◆ TASK TO COMPLETE:
Please give back word for word the lines of the material below between the line containing "Cliffs on West Couchsachraga" and the line containing "Tráfico internacional de", inclusive.

* * * * *

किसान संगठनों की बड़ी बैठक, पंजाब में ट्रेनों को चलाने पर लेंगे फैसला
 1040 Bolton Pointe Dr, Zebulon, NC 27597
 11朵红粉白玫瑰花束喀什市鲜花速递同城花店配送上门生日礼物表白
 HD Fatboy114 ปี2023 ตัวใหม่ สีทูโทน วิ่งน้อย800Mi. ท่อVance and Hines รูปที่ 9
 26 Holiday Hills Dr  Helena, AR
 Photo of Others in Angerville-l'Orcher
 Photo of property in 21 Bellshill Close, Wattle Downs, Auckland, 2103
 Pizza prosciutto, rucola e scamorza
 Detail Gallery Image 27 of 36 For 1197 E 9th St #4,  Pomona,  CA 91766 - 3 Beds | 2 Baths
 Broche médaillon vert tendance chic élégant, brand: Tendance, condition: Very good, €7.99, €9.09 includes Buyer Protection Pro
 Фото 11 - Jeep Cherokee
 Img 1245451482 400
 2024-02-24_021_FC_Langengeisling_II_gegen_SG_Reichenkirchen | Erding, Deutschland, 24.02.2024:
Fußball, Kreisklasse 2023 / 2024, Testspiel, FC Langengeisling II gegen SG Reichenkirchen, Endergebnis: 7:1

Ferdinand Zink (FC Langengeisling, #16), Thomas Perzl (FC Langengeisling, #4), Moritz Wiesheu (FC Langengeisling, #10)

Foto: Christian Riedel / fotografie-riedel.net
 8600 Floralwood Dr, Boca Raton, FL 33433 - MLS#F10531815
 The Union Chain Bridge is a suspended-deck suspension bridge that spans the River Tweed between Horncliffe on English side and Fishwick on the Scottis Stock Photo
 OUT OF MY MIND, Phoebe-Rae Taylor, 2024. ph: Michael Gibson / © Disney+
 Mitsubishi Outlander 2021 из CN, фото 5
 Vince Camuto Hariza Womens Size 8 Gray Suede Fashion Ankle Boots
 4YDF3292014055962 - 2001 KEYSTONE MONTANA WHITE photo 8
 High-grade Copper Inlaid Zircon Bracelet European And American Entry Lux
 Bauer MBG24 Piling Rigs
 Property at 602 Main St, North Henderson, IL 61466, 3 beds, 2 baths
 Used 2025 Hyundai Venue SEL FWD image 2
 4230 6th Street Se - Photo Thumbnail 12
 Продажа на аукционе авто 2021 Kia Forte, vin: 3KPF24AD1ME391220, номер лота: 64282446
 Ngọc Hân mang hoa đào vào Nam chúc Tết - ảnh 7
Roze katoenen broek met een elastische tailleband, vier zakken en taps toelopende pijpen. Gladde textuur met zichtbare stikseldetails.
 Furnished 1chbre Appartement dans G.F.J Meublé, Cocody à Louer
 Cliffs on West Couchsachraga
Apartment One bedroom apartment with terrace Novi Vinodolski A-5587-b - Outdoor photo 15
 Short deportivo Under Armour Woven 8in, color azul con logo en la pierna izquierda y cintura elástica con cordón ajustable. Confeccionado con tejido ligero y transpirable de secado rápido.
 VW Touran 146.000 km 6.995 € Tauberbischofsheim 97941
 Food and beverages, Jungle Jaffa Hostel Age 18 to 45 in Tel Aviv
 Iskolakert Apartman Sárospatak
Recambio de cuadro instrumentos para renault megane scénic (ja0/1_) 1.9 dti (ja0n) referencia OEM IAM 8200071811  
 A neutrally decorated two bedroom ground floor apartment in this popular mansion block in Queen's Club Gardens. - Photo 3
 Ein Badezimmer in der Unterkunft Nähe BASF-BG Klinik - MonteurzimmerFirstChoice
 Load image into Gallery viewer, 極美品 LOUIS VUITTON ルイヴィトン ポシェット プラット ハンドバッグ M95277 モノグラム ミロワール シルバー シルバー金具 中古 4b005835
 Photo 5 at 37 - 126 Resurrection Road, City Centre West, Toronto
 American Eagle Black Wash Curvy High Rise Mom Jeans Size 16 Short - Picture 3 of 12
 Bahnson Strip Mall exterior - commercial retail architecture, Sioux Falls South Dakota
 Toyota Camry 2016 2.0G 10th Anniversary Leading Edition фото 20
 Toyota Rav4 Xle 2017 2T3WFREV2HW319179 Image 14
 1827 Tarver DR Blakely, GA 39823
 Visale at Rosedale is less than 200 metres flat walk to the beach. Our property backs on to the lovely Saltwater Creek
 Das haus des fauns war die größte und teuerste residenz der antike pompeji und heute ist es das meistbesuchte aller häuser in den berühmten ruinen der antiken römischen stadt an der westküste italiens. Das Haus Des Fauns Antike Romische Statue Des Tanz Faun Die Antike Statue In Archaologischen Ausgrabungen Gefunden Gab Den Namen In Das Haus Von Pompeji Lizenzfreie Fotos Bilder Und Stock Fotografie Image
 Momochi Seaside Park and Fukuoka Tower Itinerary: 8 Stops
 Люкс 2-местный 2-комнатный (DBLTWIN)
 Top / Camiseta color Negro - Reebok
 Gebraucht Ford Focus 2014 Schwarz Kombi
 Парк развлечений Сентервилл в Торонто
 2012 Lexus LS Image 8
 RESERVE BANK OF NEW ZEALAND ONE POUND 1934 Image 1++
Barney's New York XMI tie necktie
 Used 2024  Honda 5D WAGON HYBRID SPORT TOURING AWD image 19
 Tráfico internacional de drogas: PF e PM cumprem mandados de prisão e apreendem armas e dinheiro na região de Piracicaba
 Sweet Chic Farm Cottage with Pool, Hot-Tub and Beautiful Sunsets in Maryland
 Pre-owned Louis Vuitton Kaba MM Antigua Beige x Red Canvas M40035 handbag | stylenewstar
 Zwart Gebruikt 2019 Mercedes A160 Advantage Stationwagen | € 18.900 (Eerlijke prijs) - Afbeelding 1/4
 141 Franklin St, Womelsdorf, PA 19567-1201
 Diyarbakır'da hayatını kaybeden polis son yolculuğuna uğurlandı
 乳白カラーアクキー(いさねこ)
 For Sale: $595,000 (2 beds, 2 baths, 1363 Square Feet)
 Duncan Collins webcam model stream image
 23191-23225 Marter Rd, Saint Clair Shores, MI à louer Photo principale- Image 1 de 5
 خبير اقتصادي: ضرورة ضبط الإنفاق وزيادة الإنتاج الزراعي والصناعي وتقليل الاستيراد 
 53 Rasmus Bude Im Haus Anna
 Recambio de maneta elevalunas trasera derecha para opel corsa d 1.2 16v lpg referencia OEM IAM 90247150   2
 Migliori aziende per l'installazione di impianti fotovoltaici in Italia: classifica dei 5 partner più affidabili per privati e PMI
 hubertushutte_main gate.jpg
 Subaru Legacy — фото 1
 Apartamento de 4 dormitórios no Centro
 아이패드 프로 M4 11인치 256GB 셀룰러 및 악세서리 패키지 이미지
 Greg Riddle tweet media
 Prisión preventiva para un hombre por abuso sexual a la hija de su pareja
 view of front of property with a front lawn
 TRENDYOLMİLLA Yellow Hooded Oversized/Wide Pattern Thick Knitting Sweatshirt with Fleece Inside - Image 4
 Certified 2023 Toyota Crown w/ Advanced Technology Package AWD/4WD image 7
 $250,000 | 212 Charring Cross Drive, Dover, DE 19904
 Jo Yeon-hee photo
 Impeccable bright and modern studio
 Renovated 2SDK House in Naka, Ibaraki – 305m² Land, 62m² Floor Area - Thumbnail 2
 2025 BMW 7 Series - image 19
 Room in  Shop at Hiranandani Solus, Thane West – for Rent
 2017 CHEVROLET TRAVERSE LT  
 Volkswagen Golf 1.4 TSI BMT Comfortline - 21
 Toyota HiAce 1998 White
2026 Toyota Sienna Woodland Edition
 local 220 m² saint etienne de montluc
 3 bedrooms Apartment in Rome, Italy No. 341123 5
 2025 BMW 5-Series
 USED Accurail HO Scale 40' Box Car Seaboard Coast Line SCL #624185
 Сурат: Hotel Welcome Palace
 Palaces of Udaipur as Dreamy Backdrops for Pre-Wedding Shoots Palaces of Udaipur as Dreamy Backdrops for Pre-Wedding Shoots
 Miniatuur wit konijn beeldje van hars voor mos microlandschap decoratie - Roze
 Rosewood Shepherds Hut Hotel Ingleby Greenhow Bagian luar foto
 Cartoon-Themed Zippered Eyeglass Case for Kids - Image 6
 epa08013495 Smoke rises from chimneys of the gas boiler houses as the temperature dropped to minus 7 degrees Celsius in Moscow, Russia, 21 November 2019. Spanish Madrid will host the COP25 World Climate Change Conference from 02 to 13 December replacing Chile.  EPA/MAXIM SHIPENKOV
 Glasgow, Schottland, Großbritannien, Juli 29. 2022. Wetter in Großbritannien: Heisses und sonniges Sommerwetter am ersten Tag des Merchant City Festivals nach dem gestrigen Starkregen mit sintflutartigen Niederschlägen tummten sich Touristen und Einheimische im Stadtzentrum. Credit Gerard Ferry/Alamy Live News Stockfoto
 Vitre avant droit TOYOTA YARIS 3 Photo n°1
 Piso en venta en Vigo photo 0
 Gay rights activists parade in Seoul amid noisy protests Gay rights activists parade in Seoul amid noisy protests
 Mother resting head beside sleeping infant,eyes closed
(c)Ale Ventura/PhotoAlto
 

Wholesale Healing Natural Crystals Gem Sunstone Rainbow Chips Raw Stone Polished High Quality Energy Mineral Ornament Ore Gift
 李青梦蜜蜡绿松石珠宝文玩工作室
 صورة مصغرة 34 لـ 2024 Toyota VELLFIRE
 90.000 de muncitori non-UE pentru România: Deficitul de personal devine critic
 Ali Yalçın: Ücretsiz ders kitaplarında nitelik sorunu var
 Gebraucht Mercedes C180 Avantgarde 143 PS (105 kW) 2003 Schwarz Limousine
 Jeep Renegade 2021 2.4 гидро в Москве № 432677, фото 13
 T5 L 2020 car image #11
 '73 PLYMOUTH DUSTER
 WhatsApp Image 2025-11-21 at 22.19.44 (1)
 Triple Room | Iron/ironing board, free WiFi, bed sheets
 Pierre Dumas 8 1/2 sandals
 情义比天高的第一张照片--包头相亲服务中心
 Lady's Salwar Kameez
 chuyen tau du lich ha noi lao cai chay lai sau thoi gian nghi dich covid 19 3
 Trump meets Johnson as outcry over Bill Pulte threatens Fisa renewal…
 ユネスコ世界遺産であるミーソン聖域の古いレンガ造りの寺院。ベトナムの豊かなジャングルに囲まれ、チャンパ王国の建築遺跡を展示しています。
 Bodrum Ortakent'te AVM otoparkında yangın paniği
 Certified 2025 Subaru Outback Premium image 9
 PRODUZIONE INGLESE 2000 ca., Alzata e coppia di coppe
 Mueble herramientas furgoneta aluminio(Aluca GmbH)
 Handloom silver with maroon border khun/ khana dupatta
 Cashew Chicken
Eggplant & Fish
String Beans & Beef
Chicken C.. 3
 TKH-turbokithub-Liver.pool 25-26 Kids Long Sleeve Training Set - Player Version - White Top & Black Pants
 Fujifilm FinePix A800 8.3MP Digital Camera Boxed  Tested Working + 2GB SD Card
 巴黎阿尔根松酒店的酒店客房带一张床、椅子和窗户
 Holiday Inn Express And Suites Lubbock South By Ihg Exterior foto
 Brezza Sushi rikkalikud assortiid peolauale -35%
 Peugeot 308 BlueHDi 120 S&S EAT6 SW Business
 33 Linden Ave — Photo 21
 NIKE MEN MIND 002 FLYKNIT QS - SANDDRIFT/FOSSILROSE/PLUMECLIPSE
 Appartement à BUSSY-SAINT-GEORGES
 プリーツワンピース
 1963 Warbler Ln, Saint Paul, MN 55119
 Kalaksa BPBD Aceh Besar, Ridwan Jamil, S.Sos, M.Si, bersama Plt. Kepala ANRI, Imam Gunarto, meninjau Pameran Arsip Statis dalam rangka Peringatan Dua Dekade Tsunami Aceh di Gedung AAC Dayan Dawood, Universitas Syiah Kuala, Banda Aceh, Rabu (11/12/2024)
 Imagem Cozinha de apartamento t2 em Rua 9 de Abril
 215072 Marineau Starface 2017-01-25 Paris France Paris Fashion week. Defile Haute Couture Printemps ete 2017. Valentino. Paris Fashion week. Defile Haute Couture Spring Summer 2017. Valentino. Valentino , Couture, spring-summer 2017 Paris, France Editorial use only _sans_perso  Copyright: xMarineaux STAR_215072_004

* * * * *

◆ RESPONSE TO THIS TASK:
 Cliffs on West Couchsachraga
Apartment One bedroom apartment with terrace Novi Vinodolski A-5587-b - Outdoor photo 15
 Short deportivo Under Armour Woven 8in, color azul con logo en la pierna izquierda y cintura elástica con cordón ajustable. Confeccionado con tejido ligero y transpirable de secado rápido.
 VW Touran 146.000 km 6.995 € Tauberbischofsheim 97941
 Food and beverages, Jungle Jaffa Hostel Age 18 to 45 in Tel Aviv
 Iskolakert Apartman Sárospatak
Recambio de cuadro instrumentos para renault megane scénic (ja0/1_) 1.9 dti (ja0n) referencia OEM IAM 8200071811  
 A neutrally decorated two bedroom ground floor apartment in this popular mansion block in Queen's Club Gardens. - Photo 3
 Ein Badezimmer in der Unterkunft Nähe BASF-BG Klinik - MonteurzimmerFirstChoice
 Load image into Gallery viewer, 極美品 LOUIS VUITTON ルイヴィトン ポシェット プラット ハンドバッグ M95277 モノグラム ミロワール シルバー シルバー金具 中古 4b005835
 Photo 5 at 37 - 126 Resurrection Road, City Centre West, Toronto
 American Eagle Black Wash Curvy High Rise Mom Jeans Size 16 Short - Picture 3 of 12
 Bahnson Strip Mall exterior - commercial retail architecture, Sioux Falls South Dakota
 Toyota Camry 2016 2.0G 10th Anniversary Leading Edition фото 20
 Toyota Rav4 Xle 2017 2T3WFREV2HW319179 Image 14
 1827 Tarver DR Blakely, GA 39823
 Visale at Rosedale is less than 200 metres flat walk to the beach. Our property backs on to the lovely Saltwater Creek
 Das haus des fauns war die größte und teuerste residenz der antike pompeji und heute ist es das meistbesuchte aller häuser in den berühmten ruinen der antiken römischen stadt an der westküste italiens. Das Haus Des Fauns Antike Romische Statue Des Tanz Faun Die Antike Statue In Archaologischen Ausgrabungen Gefunden Gab Den Namen In Das Haus Von Pompeji Lizenzfreie Fotos Bilder Und Stock Fotografie Image
 Momochi Seaside Park and Fukuoka Tower Itinerary: 8 Stops
 Люкс 2-местный 2-комнатный (DBLTWIN)
 Top / Camiseta color Negro - Reebok
 Gebraucht Ford Focus 2014 Schwarz Kombi
 Парк развлечений Сентервилл в Торонто
 2012 Lexus LS Image 8
 RESERVE BANK OF NEW ZEALAND ONE POUND 1934 Image 1++
Barney's New York XMI tie necktie
 Used 2024  Honda 5D WAGON HYBRID SPORT TOURING AWD image 19
 Tráfico internacional de drogas: PF e PM cumprem mandados de prisão e apreendem armas e dinheiro na região de Piracicaba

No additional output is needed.